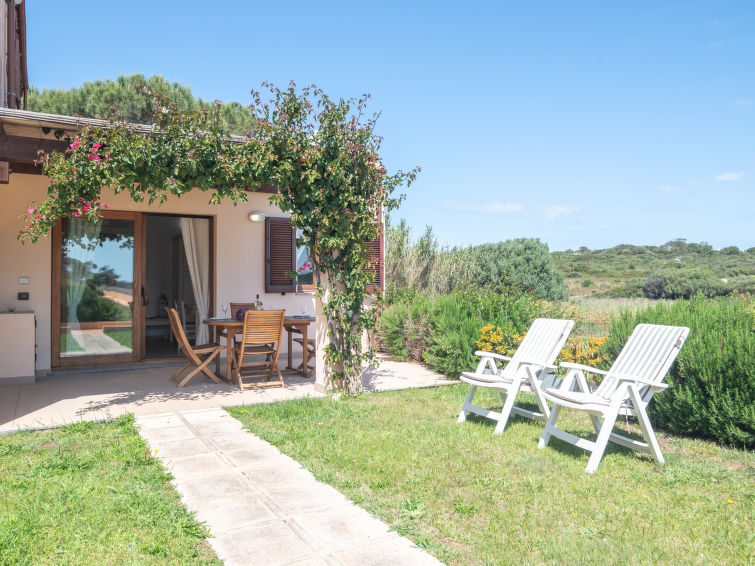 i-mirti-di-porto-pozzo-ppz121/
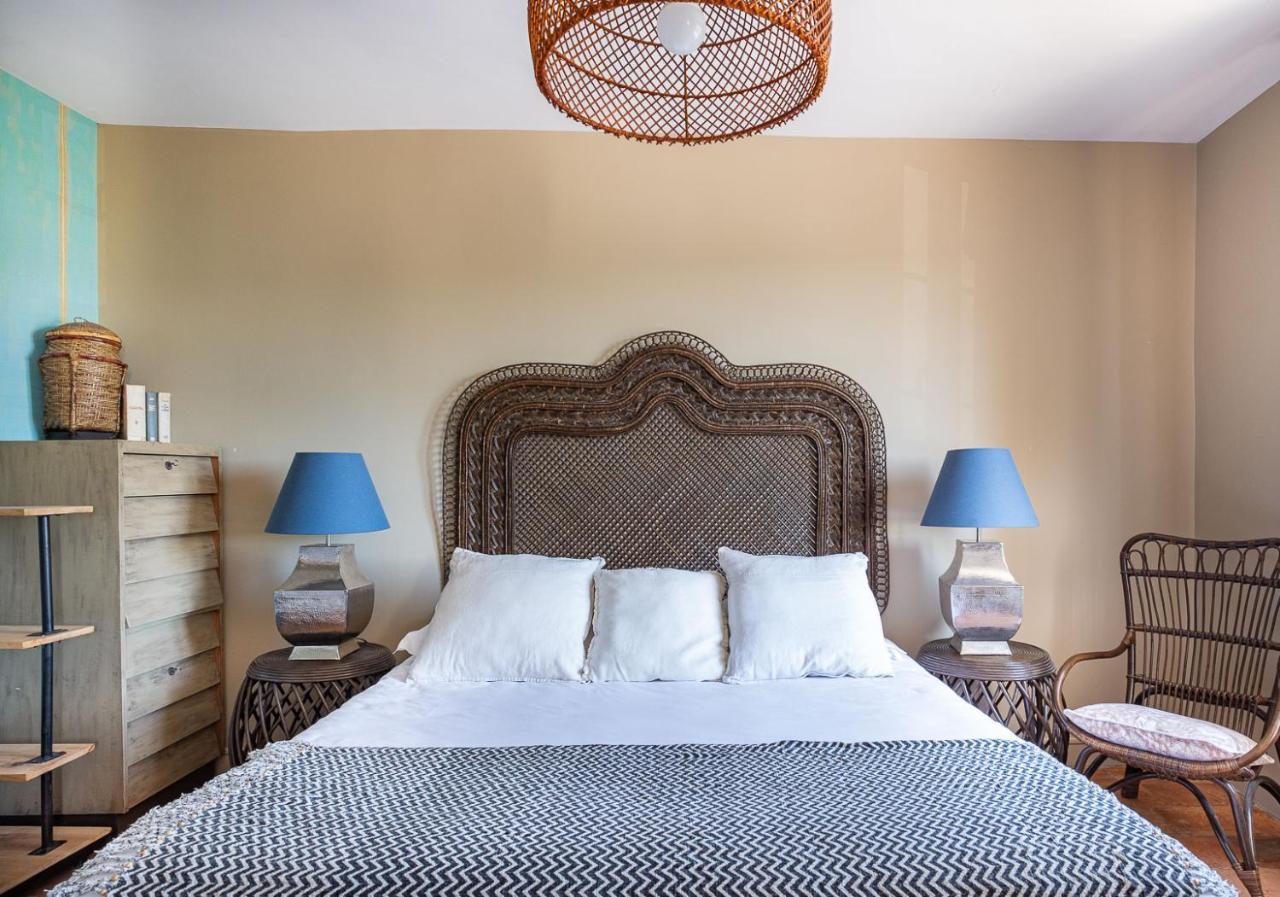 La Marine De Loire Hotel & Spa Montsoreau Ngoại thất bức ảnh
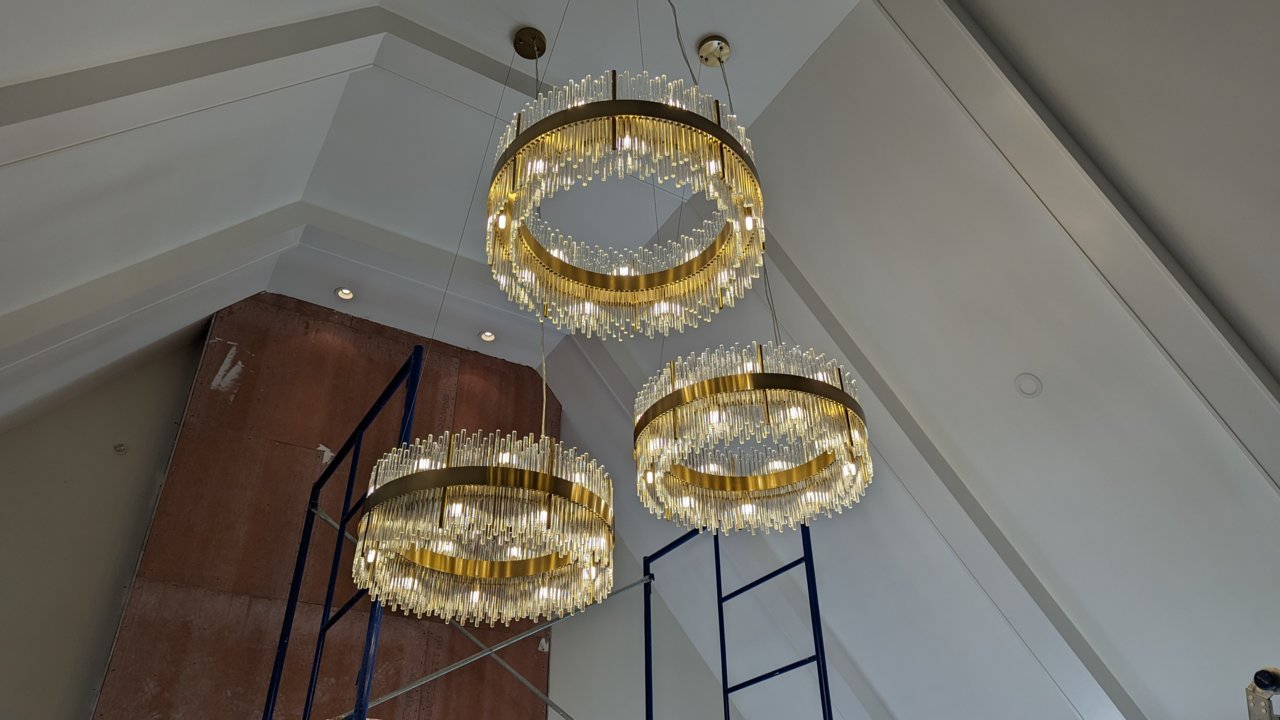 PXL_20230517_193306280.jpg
★ ★ ★ ★ ★ ★ ★
- _What you have to do_
Across the whole listing, reproduce each line verbatim and exclude every picture.

- _Task response_
 i-mirti-di-porto-pozzo-ppz121/
 La Marine De Loire Hotel & Spa Montsoreau Ngoại thất bức ảnh
 PXL_20230517_193306280.jpg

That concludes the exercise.